YOUR OBJECTIVE> Only the lines from the opening of the material through the one containing "TEMU Rgb Smart" should be reproduced, each exactly as it stands.

RECORD SET>
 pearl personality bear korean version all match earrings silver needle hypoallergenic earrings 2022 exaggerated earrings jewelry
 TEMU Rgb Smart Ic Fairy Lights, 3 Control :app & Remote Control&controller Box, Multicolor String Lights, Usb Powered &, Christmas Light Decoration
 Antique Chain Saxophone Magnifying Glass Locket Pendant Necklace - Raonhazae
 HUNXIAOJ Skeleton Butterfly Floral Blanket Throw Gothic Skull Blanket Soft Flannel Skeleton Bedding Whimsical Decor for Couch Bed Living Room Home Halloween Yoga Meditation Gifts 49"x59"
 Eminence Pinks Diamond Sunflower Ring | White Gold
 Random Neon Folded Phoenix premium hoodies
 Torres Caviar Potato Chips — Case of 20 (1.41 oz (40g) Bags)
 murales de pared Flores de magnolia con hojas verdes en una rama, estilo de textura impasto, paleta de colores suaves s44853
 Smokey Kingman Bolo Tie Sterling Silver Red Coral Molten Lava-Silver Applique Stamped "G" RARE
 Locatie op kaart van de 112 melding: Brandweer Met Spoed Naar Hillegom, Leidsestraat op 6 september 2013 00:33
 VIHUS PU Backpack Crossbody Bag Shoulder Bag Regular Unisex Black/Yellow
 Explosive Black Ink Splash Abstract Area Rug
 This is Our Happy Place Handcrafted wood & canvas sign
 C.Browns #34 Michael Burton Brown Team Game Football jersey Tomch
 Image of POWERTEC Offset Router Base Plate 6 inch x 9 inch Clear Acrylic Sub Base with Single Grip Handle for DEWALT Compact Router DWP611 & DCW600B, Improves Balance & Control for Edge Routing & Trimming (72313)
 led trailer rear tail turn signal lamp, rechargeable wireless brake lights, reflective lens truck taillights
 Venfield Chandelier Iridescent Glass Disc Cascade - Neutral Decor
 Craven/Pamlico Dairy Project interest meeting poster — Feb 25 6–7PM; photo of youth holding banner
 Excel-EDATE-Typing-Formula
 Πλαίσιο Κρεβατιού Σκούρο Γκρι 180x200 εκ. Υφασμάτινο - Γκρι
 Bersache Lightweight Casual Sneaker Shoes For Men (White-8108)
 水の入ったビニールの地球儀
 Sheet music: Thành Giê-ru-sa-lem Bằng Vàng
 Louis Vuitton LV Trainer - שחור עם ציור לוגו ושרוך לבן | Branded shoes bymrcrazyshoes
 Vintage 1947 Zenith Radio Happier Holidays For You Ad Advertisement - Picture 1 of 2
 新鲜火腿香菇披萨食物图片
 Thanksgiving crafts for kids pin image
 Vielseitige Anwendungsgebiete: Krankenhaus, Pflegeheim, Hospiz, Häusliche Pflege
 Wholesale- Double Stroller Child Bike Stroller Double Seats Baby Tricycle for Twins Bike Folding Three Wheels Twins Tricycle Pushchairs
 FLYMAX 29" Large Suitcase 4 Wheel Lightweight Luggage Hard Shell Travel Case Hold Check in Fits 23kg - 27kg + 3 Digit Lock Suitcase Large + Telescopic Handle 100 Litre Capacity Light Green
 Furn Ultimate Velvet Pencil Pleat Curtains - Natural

OUTPUT OF THE TASK>
 pearl personality bear korean version all match earrings silver needle hypoallergenic earrings 2022 exaggerated earrings jewelry
 TEMU Rgb Smart Ic Fairy Lights, 3 Control :app & Remote Control&controller Box, Multicolor String Lights, Usb Powered &, Christmas Light Decoration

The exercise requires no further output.